Comment by bboreham

Can you expand upon this? Why would I have more than one point per timestamp? Or am I misunderstanding?

Let's say I'm measuring some quantity, maybe the execution time of an http request handler, and that handler is firing roughly every millisecond and taking a certain amount of time to complete. I'd have about a thousand measurements per second, each with their own timestamp--which to be clear can be aliased if something happens in the same nanosecond! It's totally fine to have a delta of zero. But the point is this value is scalar--it's represented by a single point.

But it seems like you're suggesting vector-valued measurements are a common thing as well--e.g. I should expect to send multiple points per measurement? I'm struggling to think of an application where I'd want this.. I guess it would be easy enough to add more columns.. e.g. values0, values1, ...

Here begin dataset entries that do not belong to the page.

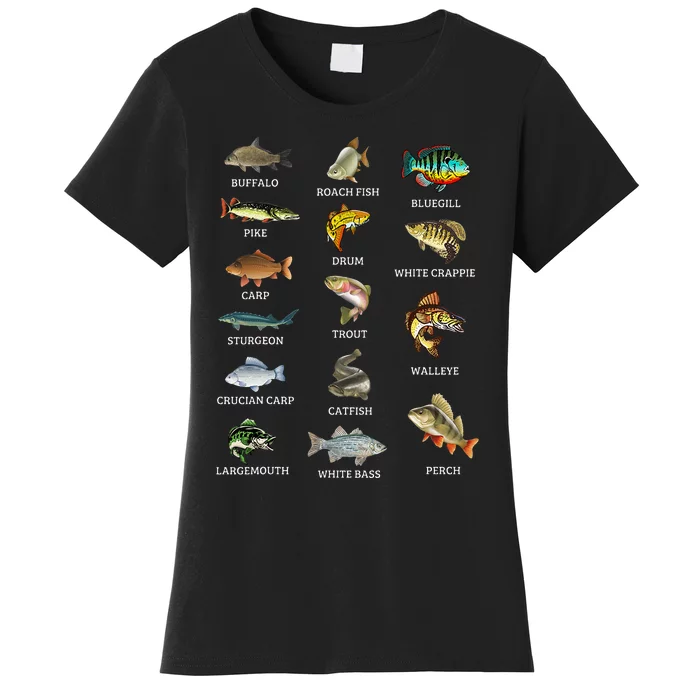 Types Of Freshwater Fish Species Fishing Fisherman Anglers Women's T-Shirt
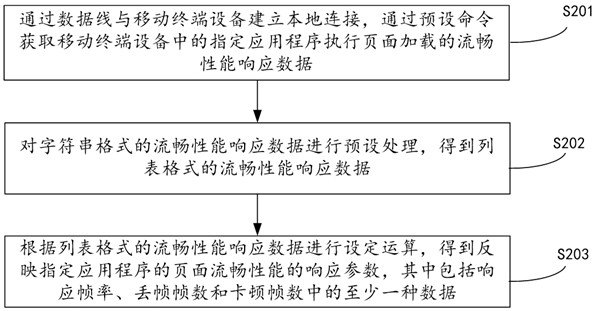 Page fluency detection method, device and system, and equipment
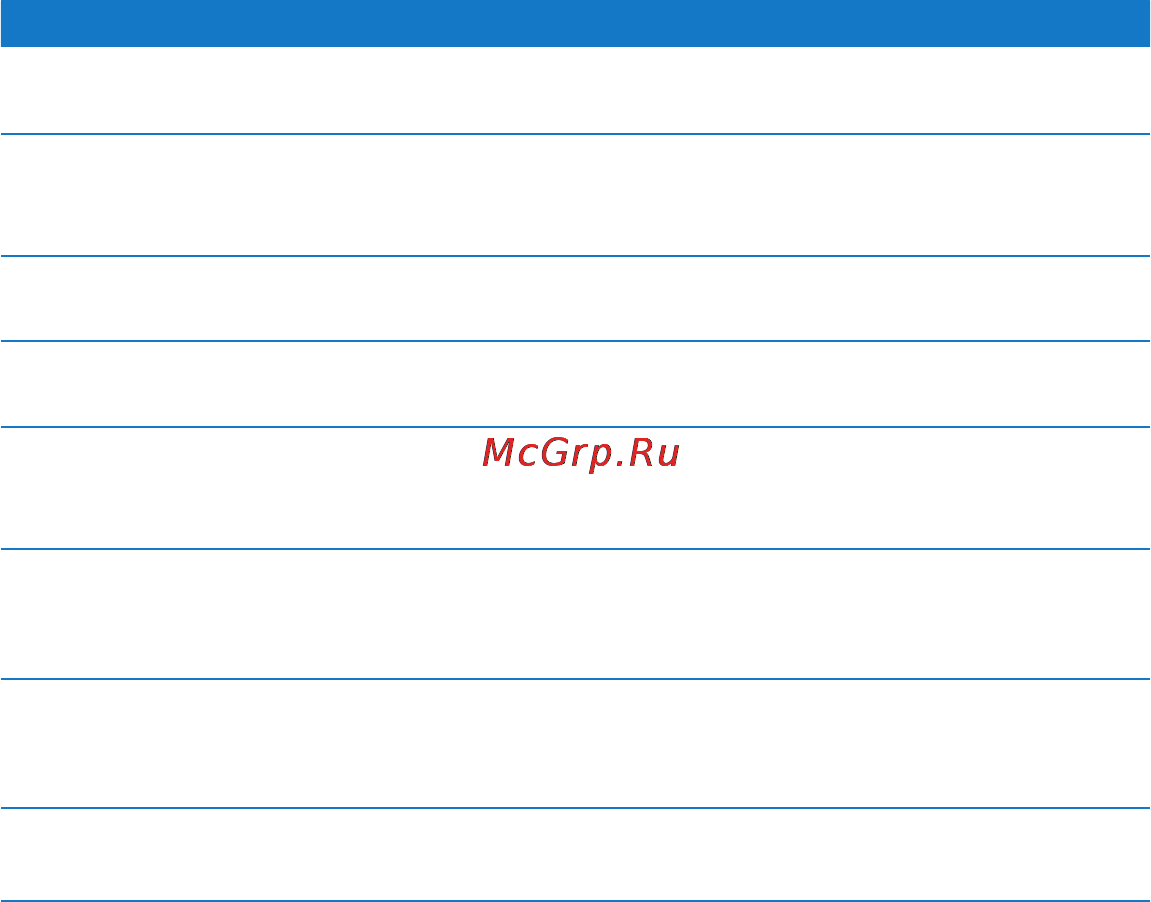 Apple MacBook AIR MC234RS/A [40/77] Для получения подробной информации о работе с macbook air см следующие источники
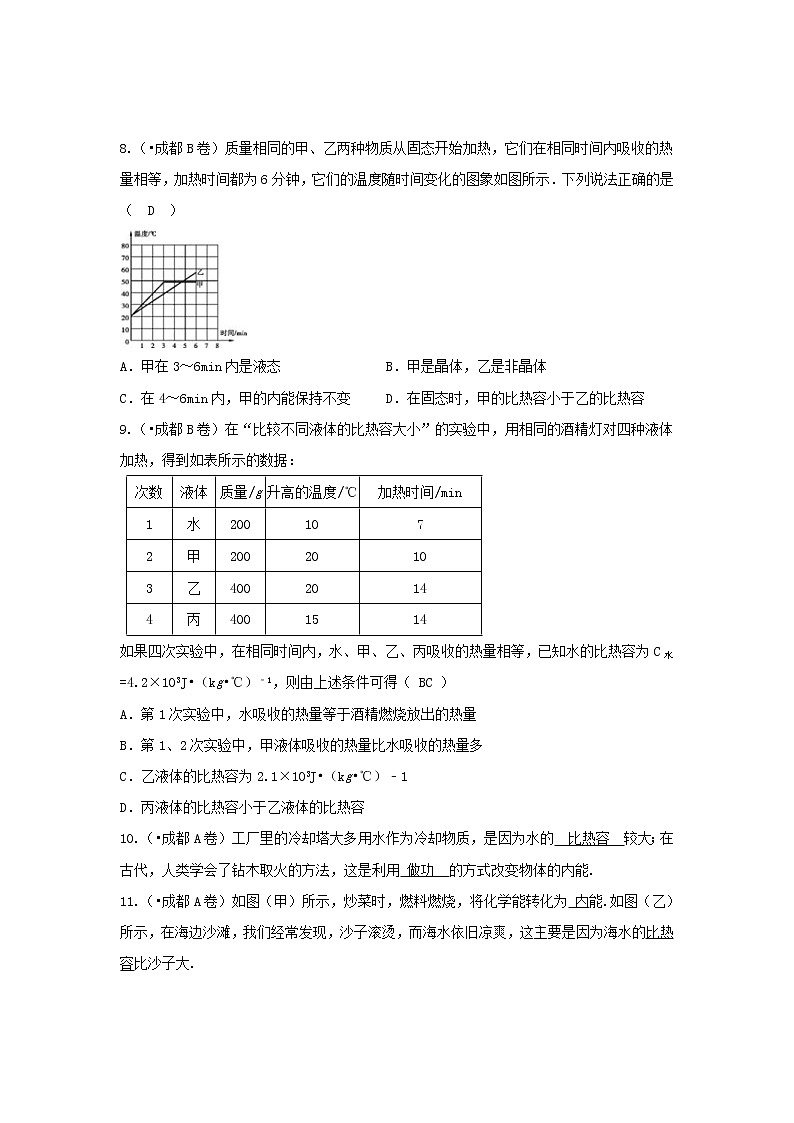 中考物理一轮复习第12讲《分子动理论与内能》考点通关练习（含答案）03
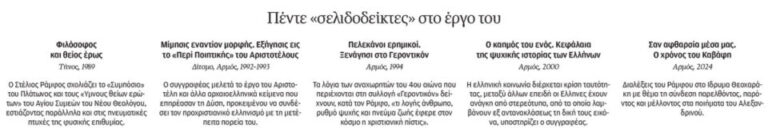 Στέλιος Ράμφος (1939-2026): Ευαγγέλια ενός αιρετικού-1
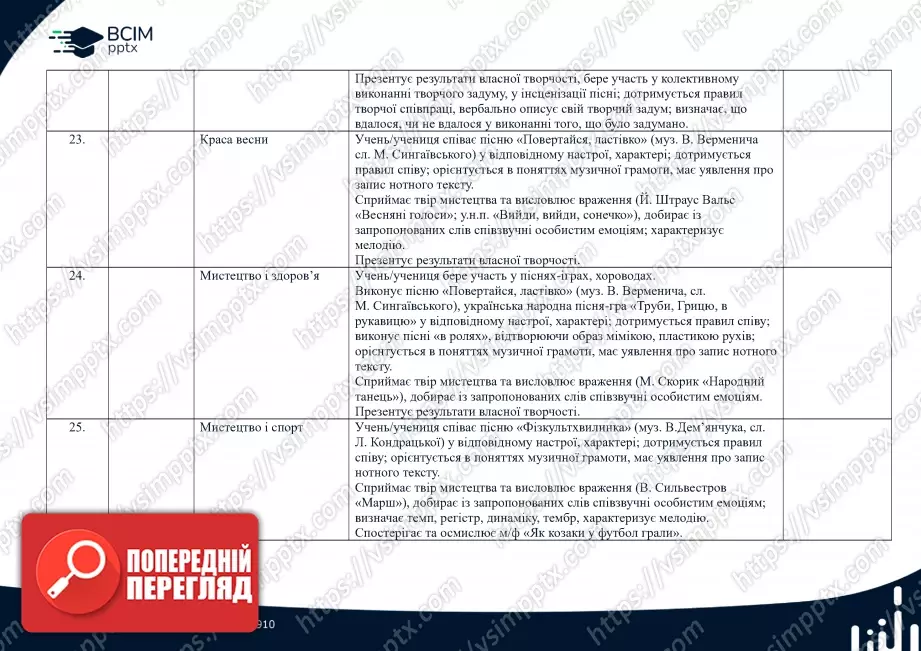 Календарно-тематичне планування. 1 клас. Музичне мистецтво. Автор О. Калініченко7 Календарно-тематичне планування. 1 клас. Музичне мистецтво. Автор О. Калініченко7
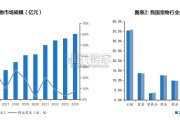 宠物行业报告：产品驱动、需求洞察，国产宠物品牌格局（28页）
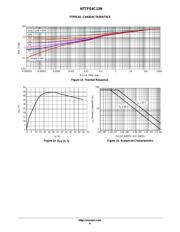NTTFS4C13NTWG 数据规格书 6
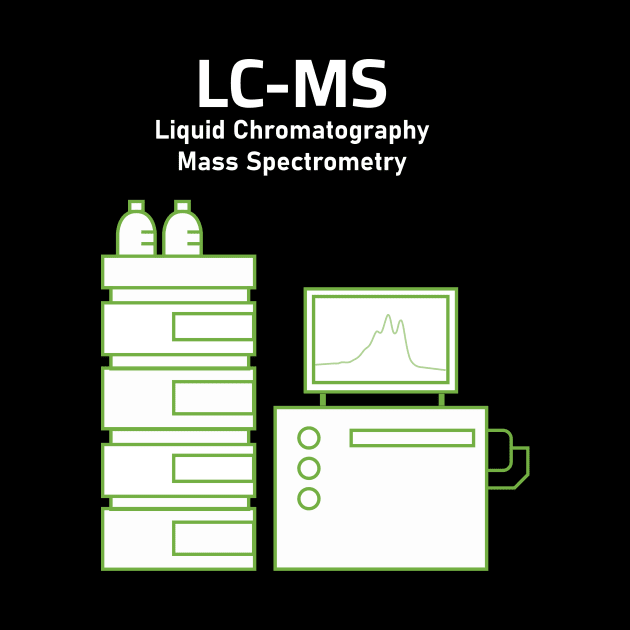 LCMS Liquid Chromatography Mass Spectrometry by Science Design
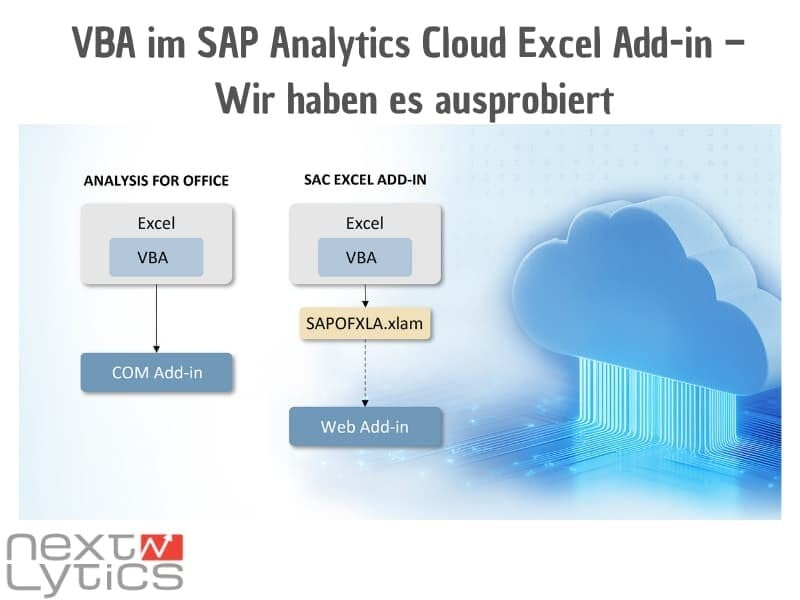 VBA im SAP Analytics Cloud Excel Add-in – Wir haben es ausprobiert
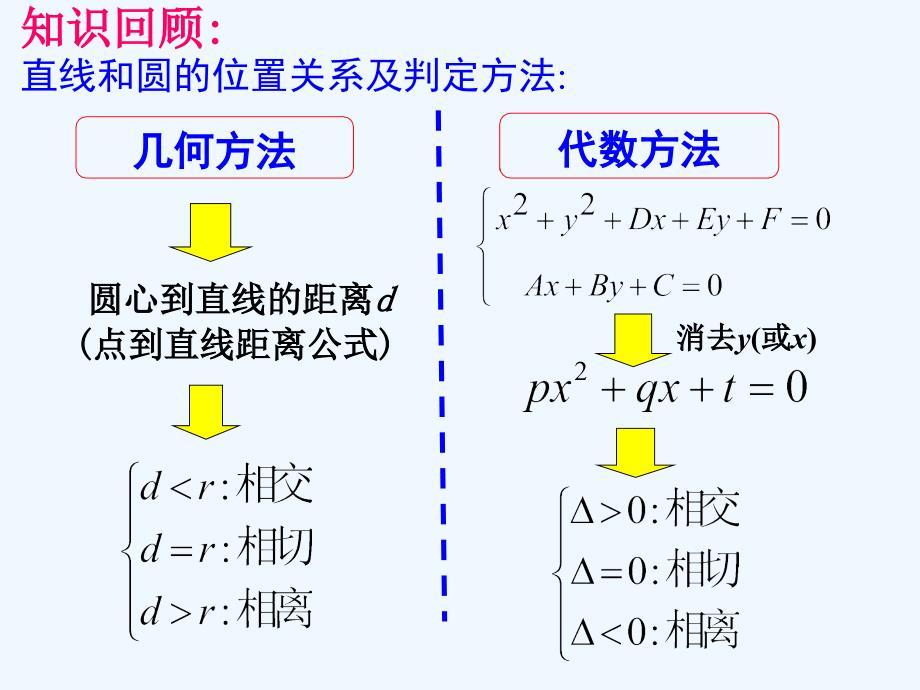 圆与圆的位置关系_第2页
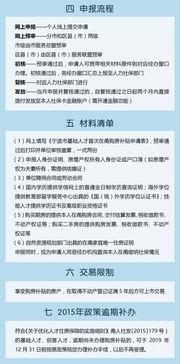 大东房产补贴怎么申请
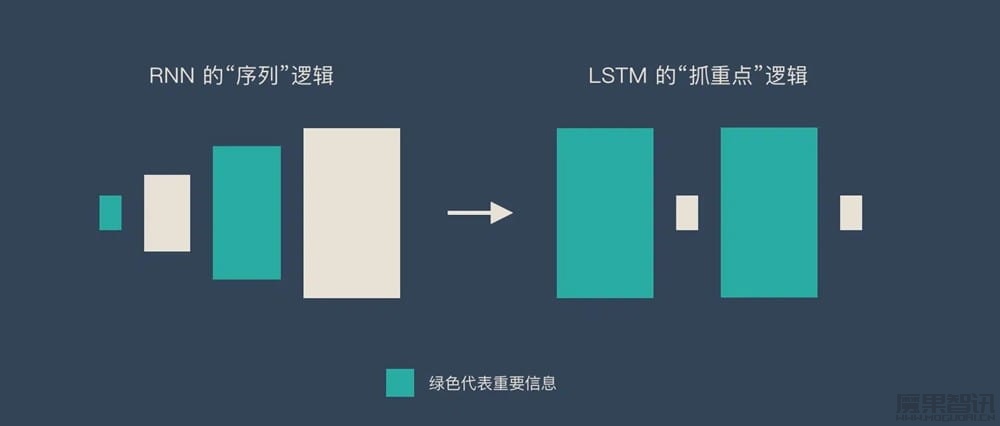 什么是循环神经网络(RNN)?定义、价值、应用场景 – AI百科知识插图10 什么是循环神经网络(RNN)?定义、价值、应用场景 – AI百科知识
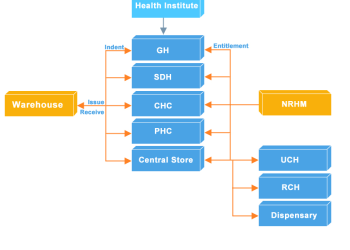 ONLINE DRUG INVENTORY & SUPPLY CHAIN MANAGEMENT SYSTEM OF HARYANA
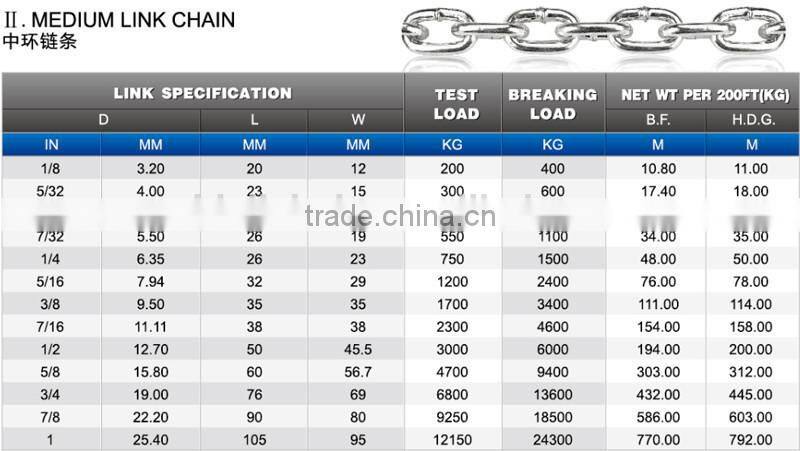 High Strength Hardened ASTM G80 Link Chain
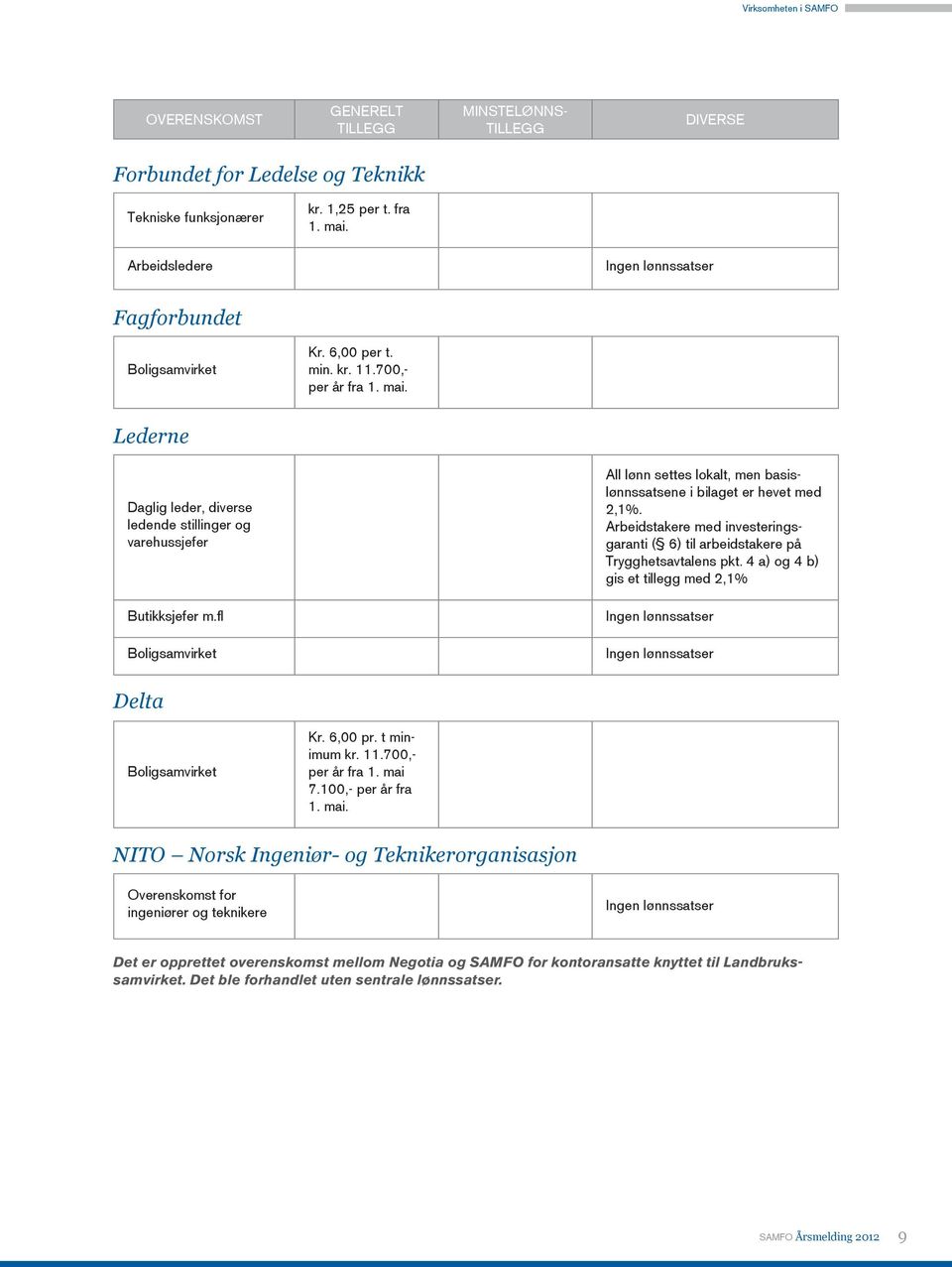 fl Boligsamvirket All lønn settes lokalt, men basislønnssatsene i bilaget er hevet med 2,1%. Arbeidstakere med investeringsgaranti ( 6) til arbeidstakere på Trygghetsavtalens pkt.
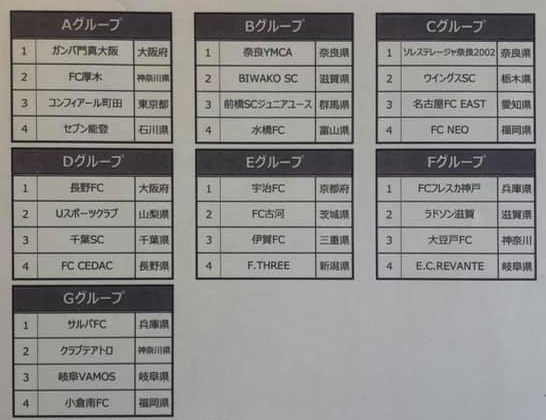 福岡少年サッカー応援団 みんなのnews Neo 小倉南参戦 Bonera Cup サッカーフェスティバル石川 チャンピオンシップ 8 15予選r組合せ掲載 福岡少年サッカー応援団 みんなのnews Neo 小倉南参戦 Bonera Cup サッカーフェスティバル石川 チャンピオンシップ 8 15予選r組合せ掲載
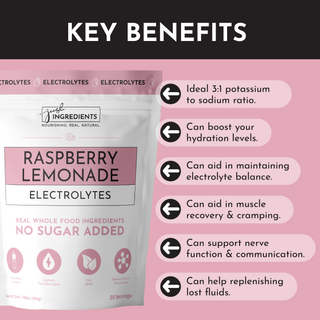 Raspberry Lemonade Electrolytes - By Baano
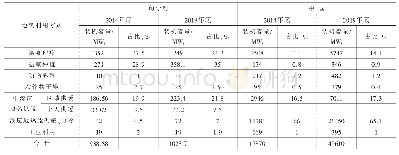 《表2 2014年底及2019年底匈牙利、中国地热直接利用装机容量及占比[2,11,15,18]》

EDIT: oh, I see, I think you're saying I should locally aggregate the measurements with some aggregation function and publish the aggregated values.. Yeah that's something I'd really prefer to avoid if possible. By aggressively aggregating to a coarse timestamp we throw away lots of interesting frequency information. But either way, I don't think that really affects this format much. You could totally use it for an aggregated measurement as well. And yeah each of these Measurements objects represents a timeseries of measurements--we'd simultaneously append to a bunch of them, one for each timeseries. I probably should have called it "Timeseries" instead.

EDIT2: It might be worth spelling out a bit why this format is efficient. It has to do with the details of how Google Protocol Buffers are encoded[1]. In particular, the timestamps are very cheap so long as the delta is small, and the values can also be cheap if they're small numbers--e.g. also deltas--which for ~continuously and sufficiently slowly varying phenomena is usually the case. Moreover, packed repeated fields[2] (which is unnecessary to specify in proto3 but I included here to be explicit about what I mean) are further efficient because they omit tags and are just a length followed by a bunch of variable-width encoded values. So this is leaning on packing, varints, and delta-encoding to be as compact as possible.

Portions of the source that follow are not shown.